Let $$\mid\frac{\overline{z}-i}{2\overline{z}+i}\mid=\frac{1}{3}, z\in C$$, be the equation of a circle with center at C. If the area of the triangle, whose vertices are at the points (0,0), C and $$(\alpha,0)$$ is 11 square units, then $$\alpha^{2}$$ equals:

Given $$\left|\frac{\bar{z}-i}{2\bar{z}+i}\right| = \frac{1}{3}$$, find $$\alpha^2$$ where the area of the triangle with vertices $$(0,0)$$, center $$C$$, and $$(\alpha, 0)$$ is 11.

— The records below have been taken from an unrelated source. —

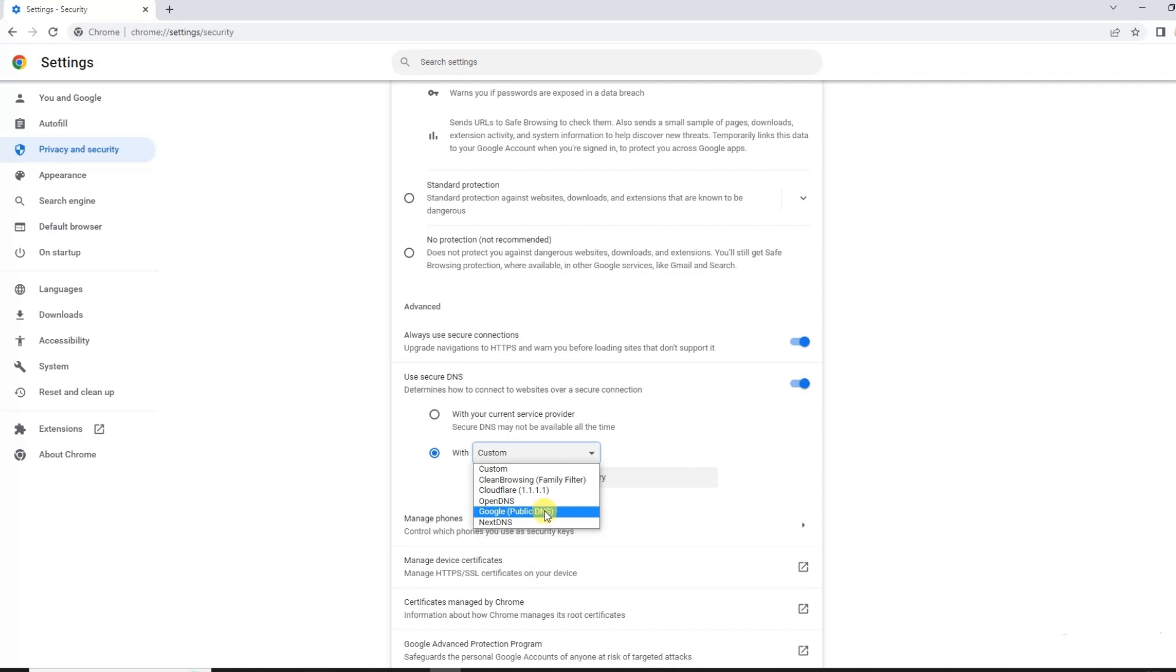You can also use Google Public DNS which is much faster than the others and with enhanced privacy and protection.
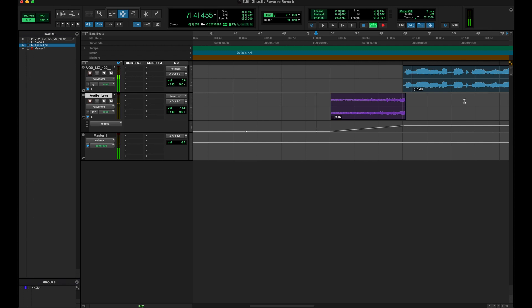So there we go, that is the ghostly reverse reverb trick. Hopefully you guys found that tip useful. Be sure to check back in soon for more tips, tricks and tutorials. I'll see you guys very soon.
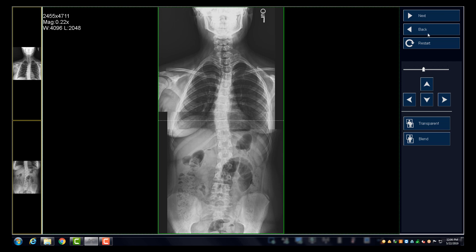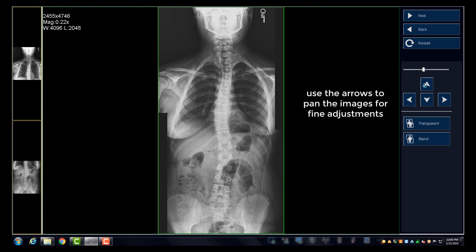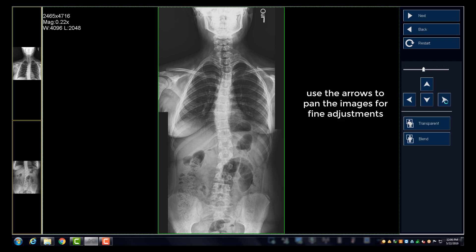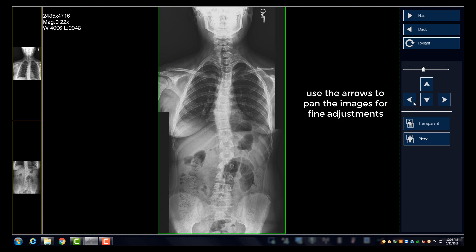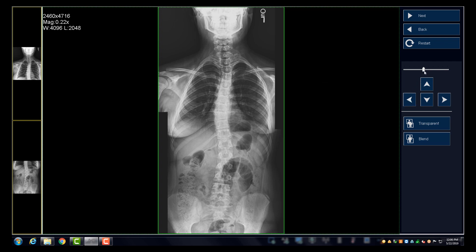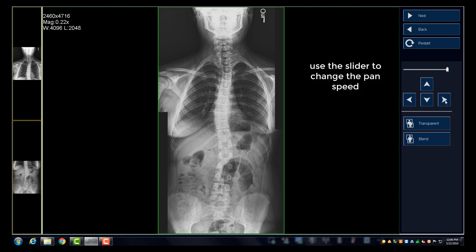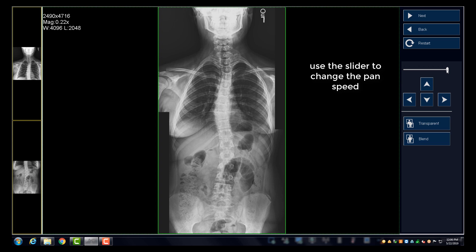Each stitching method allows you to blend the overlap area of the image, making it appear like one exposure. You can also use the arrow keys to make minor adjustments vertically or horizontally with the images. The slider above the arrow keys allows you to control the speed of the movement with the arrow keys.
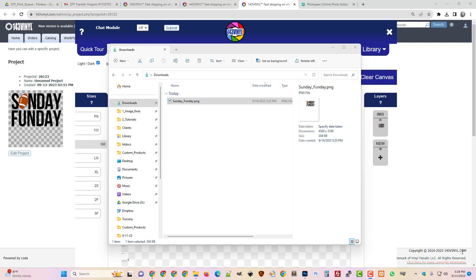Hey YouTube, this is Mike White with 143 Vinyl. Today I'm going to talk to you about trimming transparent white space from images.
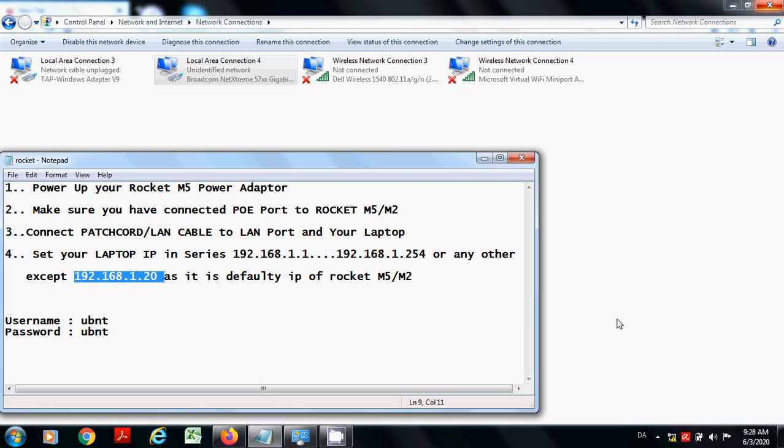Hello guys, in this video I will tell you how to configure your Rocket M5 or M2 of Ubiquiti. First of all, make sure you have connected your power to Rocket M5 by the adapter of Rocket.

Let $$z = x + iy$$, so $$\bar{z} = x - iy$$.

$$\left|\frac{(x-iy) - i}{2(x-iy) + i}\right| = \frac{1}{3}$$

$$\left|\frac{x - i(y+1)}{2x - i(2y-1)}\right| = \frac{1}{3}$$

Squaring and using $$|w_1/w_2|^2 = |w_1|^2/|w_2|^2$$:

$$\frac{x^2 + (y+1)^2}{4x^2 + (2y-1)^2} = \frac{1}{9}$$

$$9[x^2 + (y+1)^2] = 4x^2 + (2y-1)^2$$

$$9x^2 + 9y^2 + 18y + 9 = 4x^2 + 4y^2 - 4y + 1$$

$$5x^2 + 5y^2 + 22y + 8 = 0$$

$$x^2 + y^2 + \frac{22}{5}y + \frac{8}{5} = 0$$

Completing the square: $$x^2 + \left(y + \frac{11}{5}\right)^2 = \frac{121}{25} - \frac{8}{5} = \frac{121 - 40}{25} = \frac{81}{25}$$

Center $$C = \left(0, -\frac{11}{5}\right)$$, radius $$= \frac{9}{5}$$.

Vertices: $$(0,0)$$, $$\left(0, -\frac{11}{5}\right)$$, $$(\alpha, 0)$$.

Area = $$\frac{1}{2}|x_1(y_2 - y_3) + x_2(y_3 - y_1) + x_3(y_1 - y_2)|$$

$$= \frac{1}{2}\left|0 + 0 + \alpha\left(0 + \frac{11}{5}\right)\right| = \frac{11|\alpha|}{10}$$

Setting this equal to 11: $$\frac{11|\alpha|}{10} = 11 \implies |\alpha| = 10$$

$$\alpha^2 = 100$$

The correct answer is Option 2: 100.